Peter Graham is a New Zealand barrister-turned crime-writer. He received his law degree at New Zealand's Victoria University, after which he worked at a large full-service law firm before moving to Christ Church where he became a Crown Counsel for three decades.

He also spent five years as a prosecutor in Hong Kong, part of the Independent Commission Against Corruption. It was while working as a barrister in Hong Kong that he came across the story that would become his first true crime book, Vile Crimes: The Timaru Poisonings (2007).

Even before heading to Hong Kong, Graham admits that he had wanted to write about the Parker-Hulme case, the subject of his 2011 book So Brilliantly Clever (released as Anne Perry and the Murder of the Century in the U.S. in 2015). Graham has been fascinated by the case ever since the 1970s when he was an assistant to Brian McClelland, who had been junior counsel for Juliet Hulme some twenty-years earlier.

By the time he actually began working on So Brilliantly Clever, Graham had largely retired from legal practice.

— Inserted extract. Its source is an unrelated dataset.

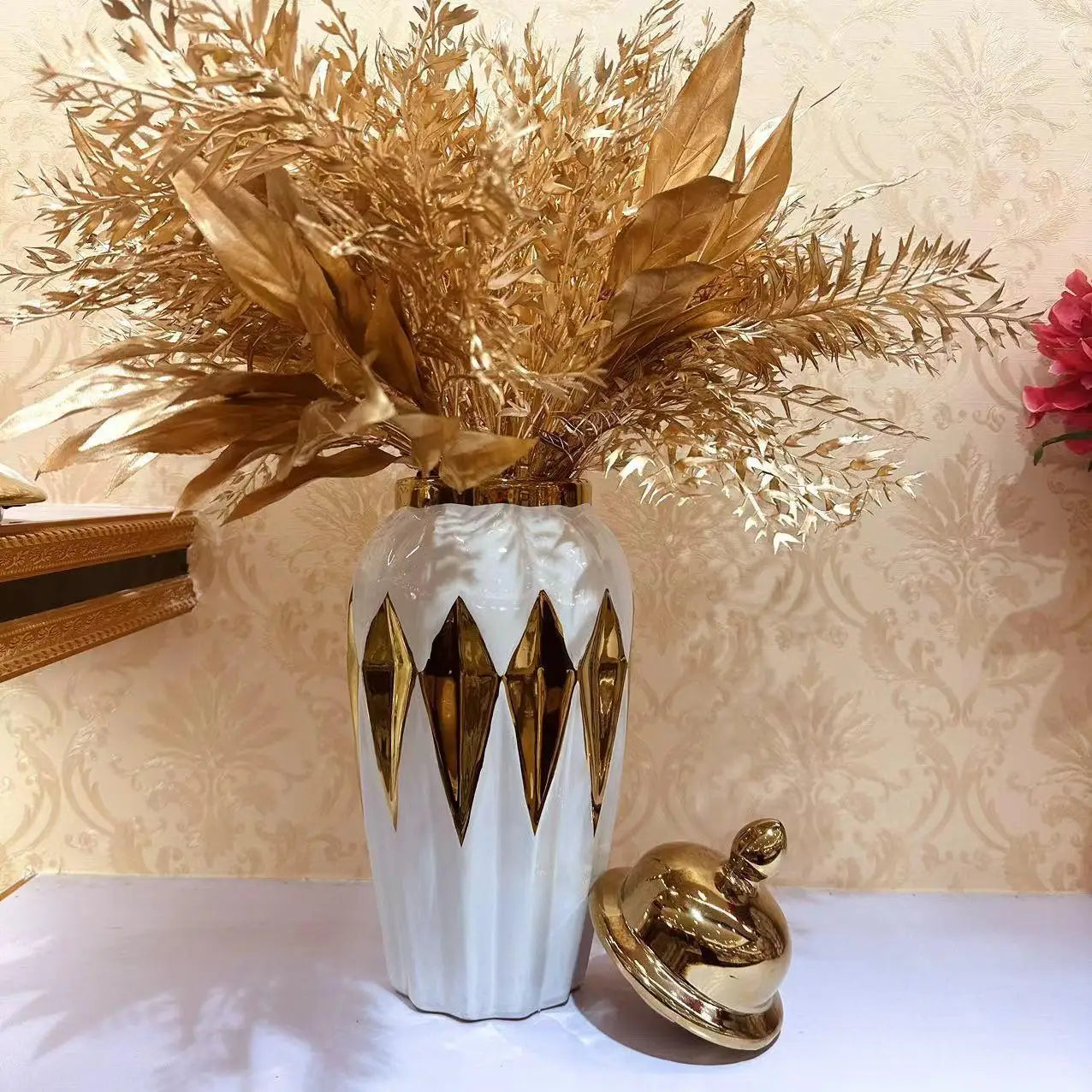 DecorBites™ Gold Diamond Check Ceramic Vase - Vintage Handicraft Decoration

He and his wife moved to a small farm near Dunsandel, where he spent over three years researching the Parker-Hulme murder for the book.

Apart from writing, Graham says he supervises a few pigs, potters around in a "rather big garden," does a little bit of law and some traveling. He and his wife grow apples on the farm and produce a gold-medal-winning cider. (Based on an article from the Kiwi Blog Crime Watch.)